PROBLEM STATEMENT - Go through the listing below and list every line with "Action".
━━━━━━━━
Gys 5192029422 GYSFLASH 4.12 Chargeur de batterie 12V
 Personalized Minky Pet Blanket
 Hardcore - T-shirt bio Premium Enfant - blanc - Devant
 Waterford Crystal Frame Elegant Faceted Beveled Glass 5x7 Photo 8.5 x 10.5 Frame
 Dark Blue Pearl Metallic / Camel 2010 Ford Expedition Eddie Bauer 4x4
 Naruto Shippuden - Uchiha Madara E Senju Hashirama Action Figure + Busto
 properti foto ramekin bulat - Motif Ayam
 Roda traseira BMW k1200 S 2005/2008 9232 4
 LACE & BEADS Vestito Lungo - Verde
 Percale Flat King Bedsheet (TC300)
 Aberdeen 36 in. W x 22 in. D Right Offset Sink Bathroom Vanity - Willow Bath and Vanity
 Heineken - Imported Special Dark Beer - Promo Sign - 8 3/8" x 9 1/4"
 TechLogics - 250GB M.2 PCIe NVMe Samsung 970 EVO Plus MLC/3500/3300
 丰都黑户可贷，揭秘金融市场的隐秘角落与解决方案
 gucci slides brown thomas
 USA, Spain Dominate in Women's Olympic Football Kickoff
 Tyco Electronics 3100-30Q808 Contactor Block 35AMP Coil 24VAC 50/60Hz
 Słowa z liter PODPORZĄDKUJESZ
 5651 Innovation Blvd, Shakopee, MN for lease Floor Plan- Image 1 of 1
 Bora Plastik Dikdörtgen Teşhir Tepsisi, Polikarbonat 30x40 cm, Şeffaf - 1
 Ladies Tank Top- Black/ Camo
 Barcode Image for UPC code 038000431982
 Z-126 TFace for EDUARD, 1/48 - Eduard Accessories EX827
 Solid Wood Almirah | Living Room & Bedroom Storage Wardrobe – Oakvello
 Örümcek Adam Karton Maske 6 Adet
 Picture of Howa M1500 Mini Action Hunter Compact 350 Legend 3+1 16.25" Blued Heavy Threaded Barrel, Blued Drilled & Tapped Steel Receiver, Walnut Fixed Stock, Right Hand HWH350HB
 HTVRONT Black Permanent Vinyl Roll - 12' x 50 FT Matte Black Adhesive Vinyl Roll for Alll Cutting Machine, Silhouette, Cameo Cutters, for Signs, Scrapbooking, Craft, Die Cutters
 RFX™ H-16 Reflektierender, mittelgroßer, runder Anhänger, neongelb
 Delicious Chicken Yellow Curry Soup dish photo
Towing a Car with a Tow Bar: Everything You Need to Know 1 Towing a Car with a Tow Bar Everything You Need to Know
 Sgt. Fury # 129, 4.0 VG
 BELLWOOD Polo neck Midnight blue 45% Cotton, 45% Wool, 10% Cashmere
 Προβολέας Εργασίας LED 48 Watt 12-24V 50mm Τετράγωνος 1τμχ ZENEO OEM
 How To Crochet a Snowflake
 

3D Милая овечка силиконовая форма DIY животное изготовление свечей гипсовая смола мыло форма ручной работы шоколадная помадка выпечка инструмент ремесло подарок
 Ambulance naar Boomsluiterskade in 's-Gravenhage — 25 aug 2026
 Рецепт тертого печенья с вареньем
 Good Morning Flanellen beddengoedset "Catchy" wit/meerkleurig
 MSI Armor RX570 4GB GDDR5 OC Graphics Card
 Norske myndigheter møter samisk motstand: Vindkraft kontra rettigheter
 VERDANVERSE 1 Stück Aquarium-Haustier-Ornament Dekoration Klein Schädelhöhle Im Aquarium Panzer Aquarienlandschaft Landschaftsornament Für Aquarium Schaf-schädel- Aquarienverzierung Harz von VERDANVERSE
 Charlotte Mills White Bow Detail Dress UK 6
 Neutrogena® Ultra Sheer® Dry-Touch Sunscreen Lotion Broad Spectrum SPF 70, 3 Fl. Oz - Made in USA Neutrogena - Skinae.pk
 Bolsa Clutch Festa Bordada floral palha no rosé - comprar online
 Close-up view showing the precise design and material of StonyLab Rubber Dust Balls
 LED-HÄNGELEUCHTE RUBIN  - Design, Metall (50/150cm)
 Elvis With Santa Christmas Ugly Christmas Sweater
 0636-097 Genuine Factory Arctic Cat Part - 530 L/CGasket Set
━━━━━━━━
EXERCISE OUTPUT -
 Naruto Shippuden - Uchiha Madara E Senju Hashirama Action Figure + Busto
 Picture of Howa M1500 Mini Action Hunter Compact 350 Legend 3+1 16.25" Blued Heavy Threaded Barrel, Blued Drilled & Tapped Steel Receiver, Walnut Fixed Stock, Right Hand HWH350HB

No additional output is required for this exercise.